Top of Data
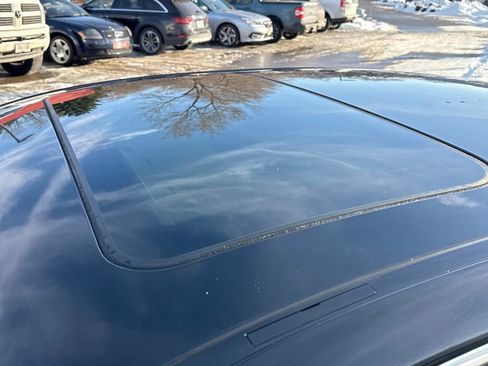 Used 2011 BMW 335i xDrive 335i xDrive image 31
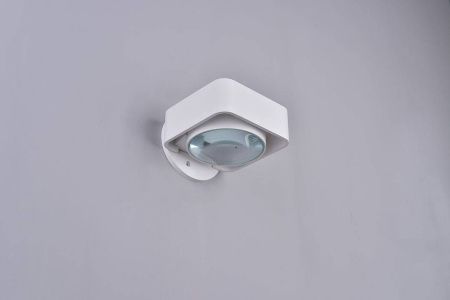 Светильник настенный Designled GW (ГВ) 00-00003213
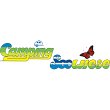 camping-seewiese-gmbh-co-kg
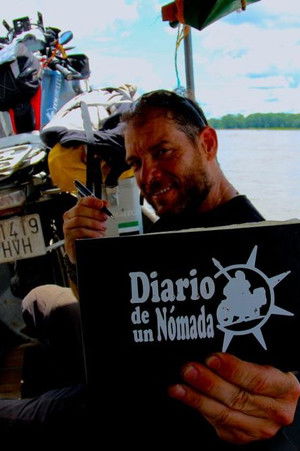 Poster for Season 10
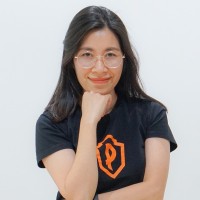 PLAYSTUDIOS VIETNAM Employee Sam Hong's profile photo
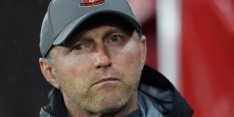 Southampton verslaat Aston Villa, Mainz houdt Gladbach in toom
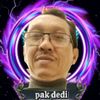 pakdedi7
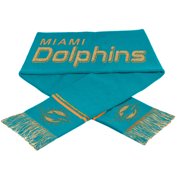 Nfl - Forever Collectibles Glitter Scarf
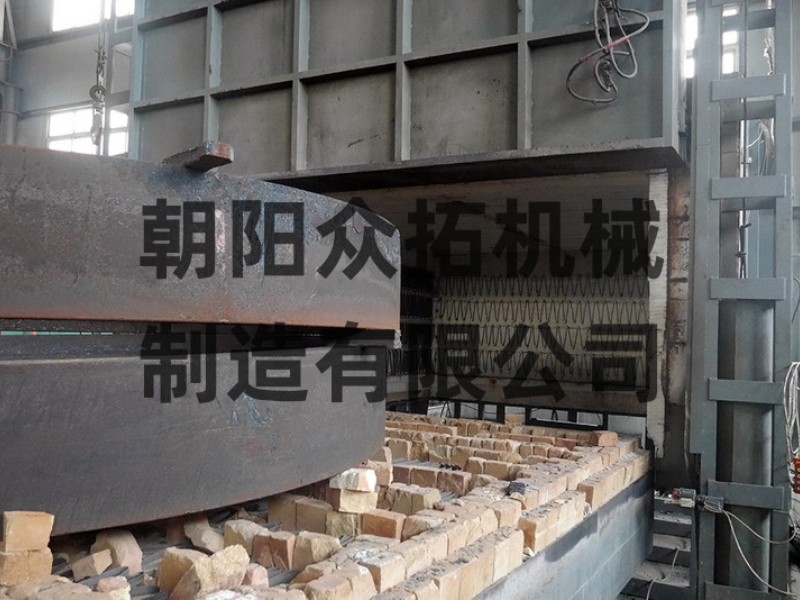 热处理05.jpg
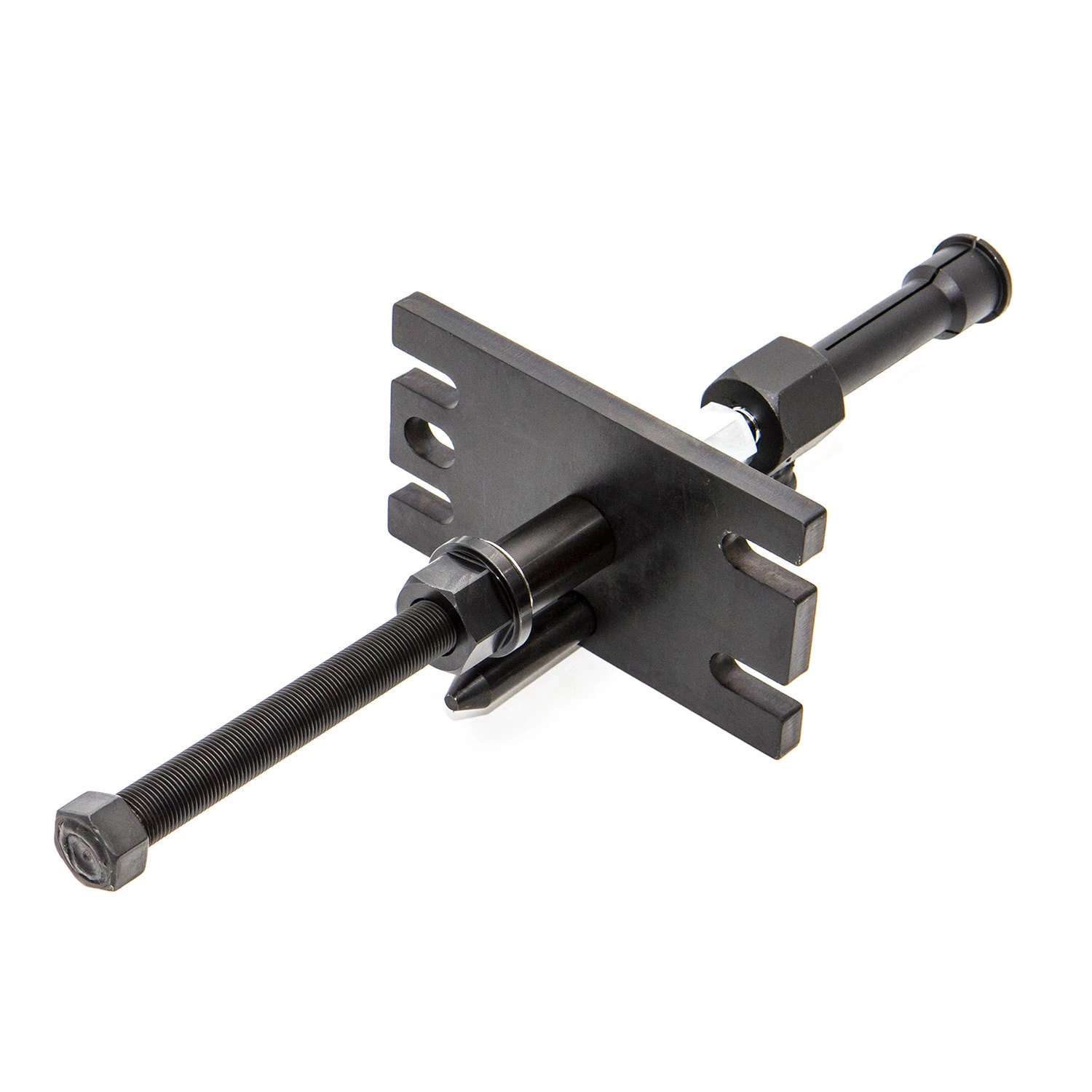 SIERRA Tools, Shop Supplies 18-79820-1 Gimbal Puller Tool 3 SIERRA Tools, Shop Supplies 18-79820-1 Gimbal Puller Tool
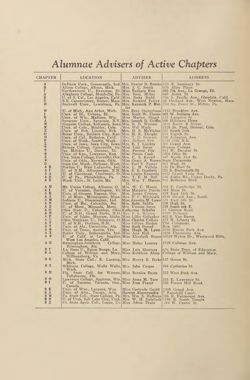 1934-1935_Vol_38 page 297.jpg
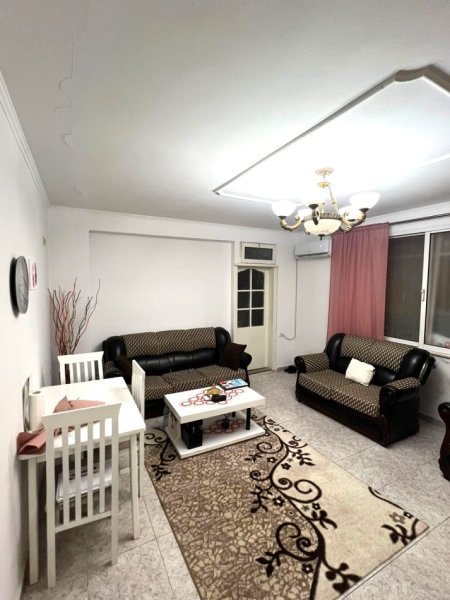 JEPET ME QERA HYRJE 1+1 1-KATËSHE NE ALI DEM,   400 €uro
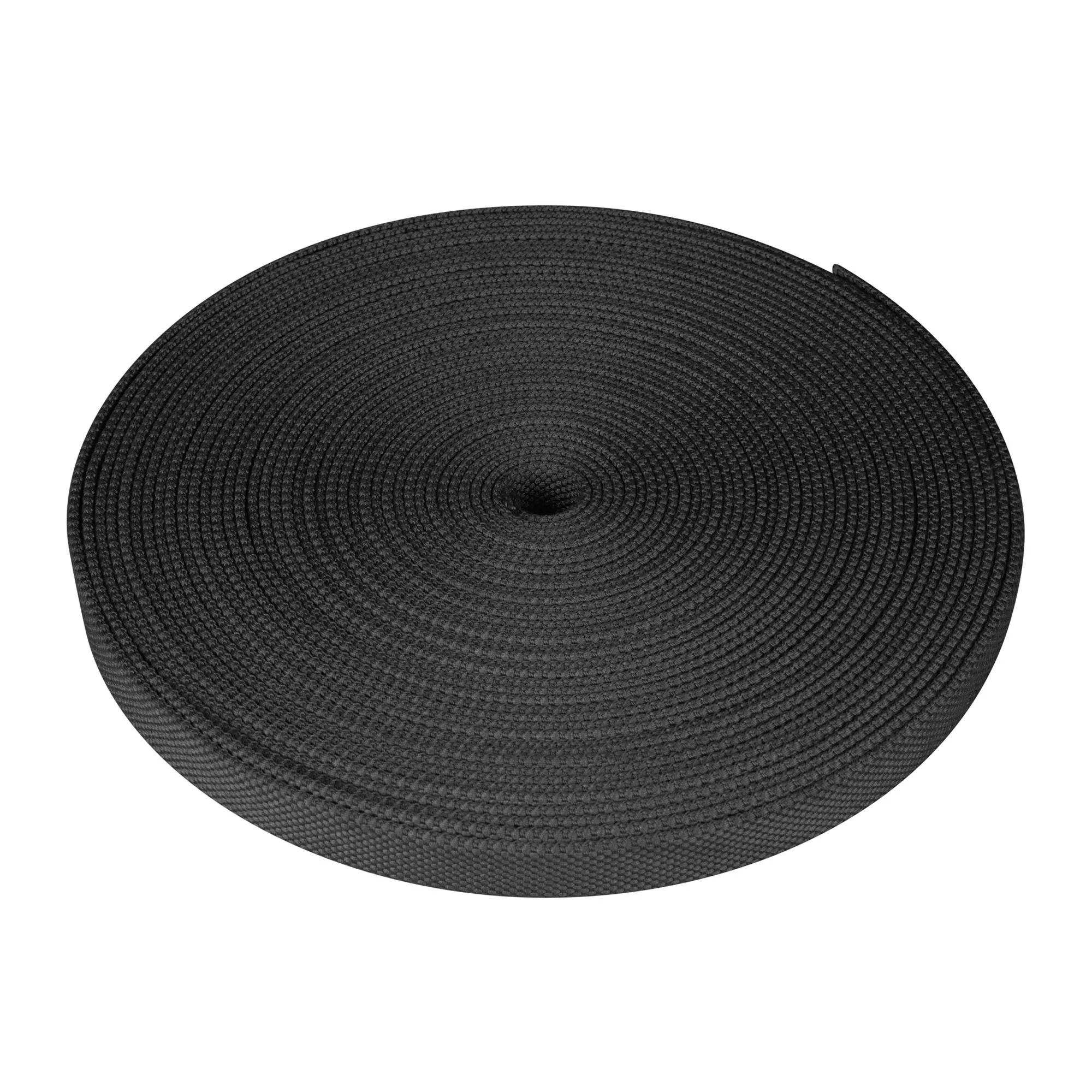 Ремень токопроводящий ART-INBELT-BELT-POWER-5000 (GRAPHITE, 48V) (Arlight, -) - изображение товара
Bottom of Data
== Task directions ==
All records, pictures excluded: copy them exactly.

== Solution to this exercise ==
 Used 2011 BMW 335i xDrive 335i xDrive image 31
 Светильник настенный Designled GW (ГВ) 00-00003213
 camping-seewiese-gmbh-co-kg
 Poster for Season 10
 PLAYSTUDIOS VIETNAM Employee Sam Hong's profile photo
 Southampton verslaat Aston Villa, Mainz houdt Gladbach in toom
 pakdedi7
 Nfl - Forever Collectibles Glitter Scarf
 热处理05.jpg
 SIERRA Tools, Shop Supplies 18-79820-1 Gimbal Puller Tool 3 SIERRA Tools, Shop Supplies 18-79820-1 Gimbal Puller Tool
 1934-1935_Vol_38 page 297.jpg
 JEPET ME QERA HYRJE 1+1 1-KATËSHE NE ALI DEM,   400 €uro
 Ремень токопроводящий ART-INBELT-BELT-POWER-5000 (GRAPHITE, 48V) (Arlight, -) - изображение товара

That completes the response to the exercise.